Analysis of intercounty migration flows from 2011 to 2015 reveal that fewer people migrate between counties with dissimilar political contexts, levels of urbanization, and racial compositions.
Despite the popular narrative that the United States is a “land of mobility,” the country may have become a “rooted America” after a decades-long decline in migration rates. This article interrogates the lingering question about the social forces that limit migration, with an empirical focus on internal migration in the United States. We propose a systemic, network model of migration flows, combining demographic, economic, political, and geographic factors and network dependence structures that reflect the internal dynamics of migration systems. Using valued temporal exponential-family random graph models, we model the network of intercounty migration flows from 2011 to 2015. Our analysis reveals a pattern of segmented immobility, where fewer people migrate between counties with dissimilar political contexts, levels of urbanization, and racial compositions. Probing our model using “knockout experiments” suggests one would have observed approximately 4.6 million (27 percent) more intercounty migrants each year were the segmented immobility mechanisms inoperative. This article offers a systemic view of internal migration and reveals the social and political cleavages that underlie geographic immobility in the United States.

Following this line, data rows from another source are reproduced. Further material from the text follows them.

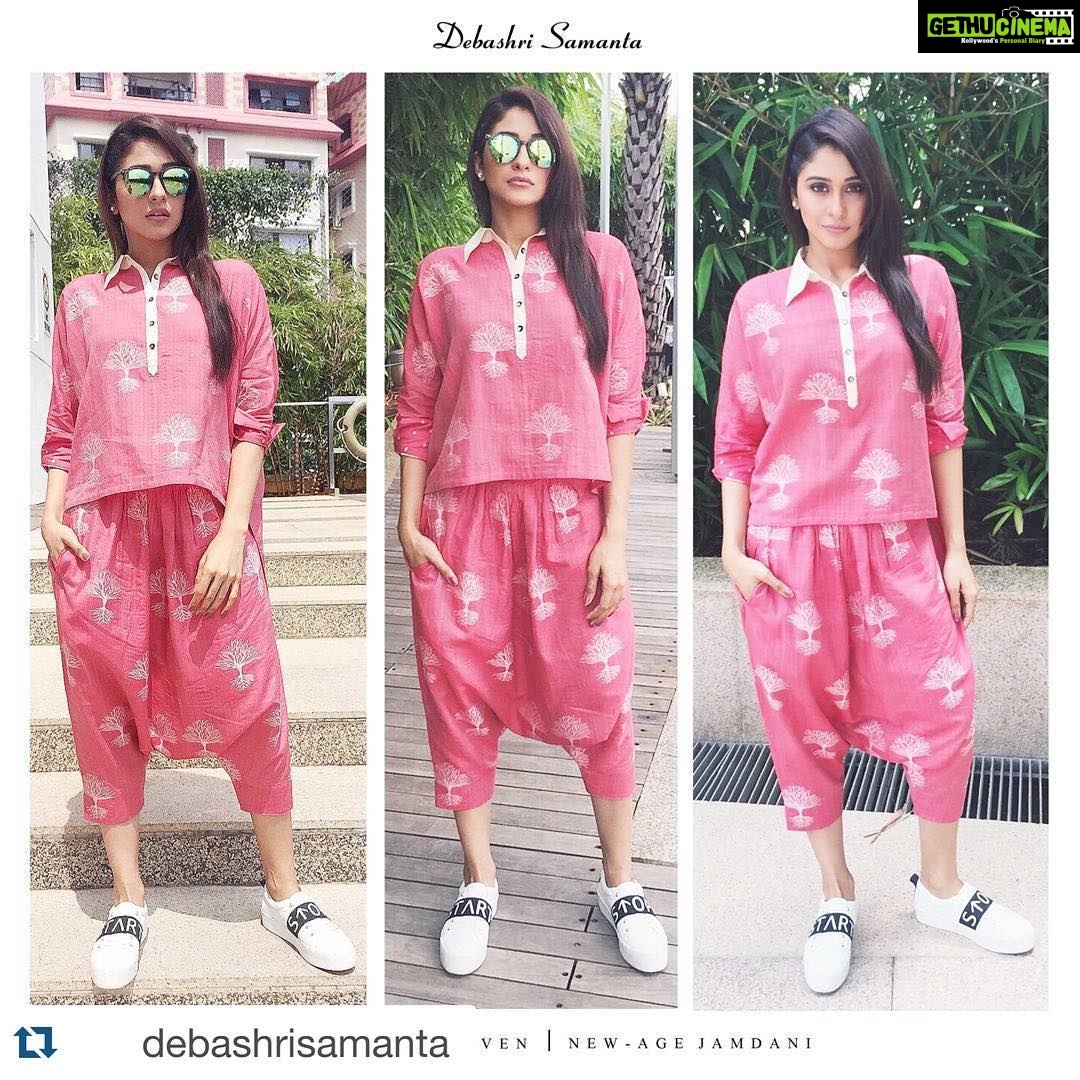 Regina Cassandra Instagram - Thank you @debashrisamanta and @indpat 😘 you guys make dressing up fun!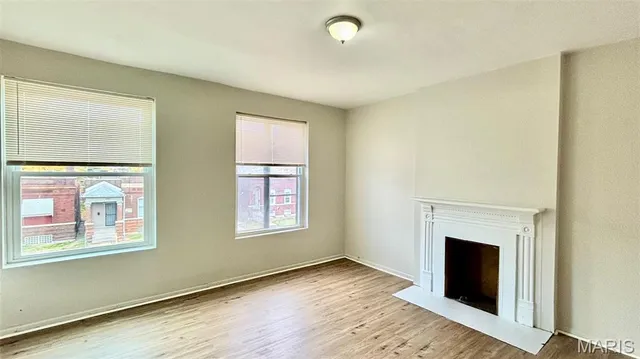 $1,000 | 3829 South Compton Avenue, Unit A, St. Louis, MO 63118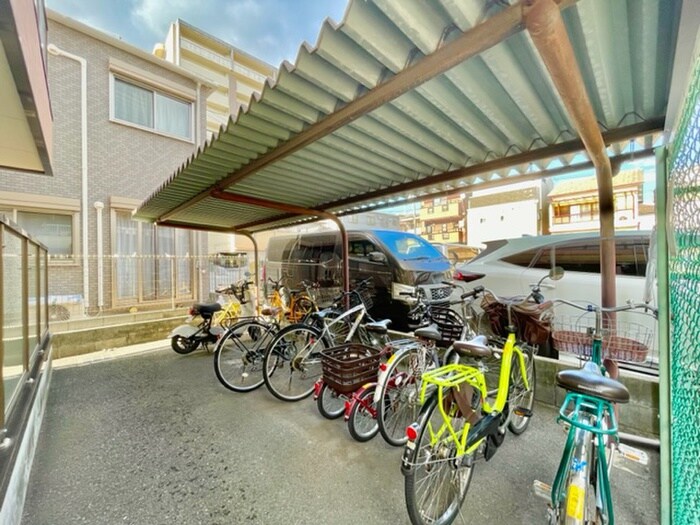 ｸﾞﾗﾝﾄﾞﾊｳｽ寝屋川の物件外観写真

Building on the randomization inference literature, the authors develop a framework that clarifies alternative randomization (or quasi-randomization) tests and their applications.
The meaning of randomization tests has become obscure in statistics education and practice over the last century. This article makes a fresh attempt at rectifying this core concept of statistics. A new term—“quasi-randomization test”—is introduced to define significance tests based on theoretical models and distinguish these tests from the “randomization tests” based on the physical act of randomization. The practical importance of this distinction is illustrated through a real stepped-wedge cluster-randomized trial. Building on the recent literature on randomization inference, a general framework of conditional randomization tests is developed and some practical methods to construct conditioning events are given. The proposed terminology and framework are then applied to understand several widely used (quasi-)randomization tests, including Fisher’s exact test, permutation tests for treatment effect, quasi-randomization tests for independence and conditional independence, adaptive randomization, and conformal prediction. Supplementary materials for this article are available online.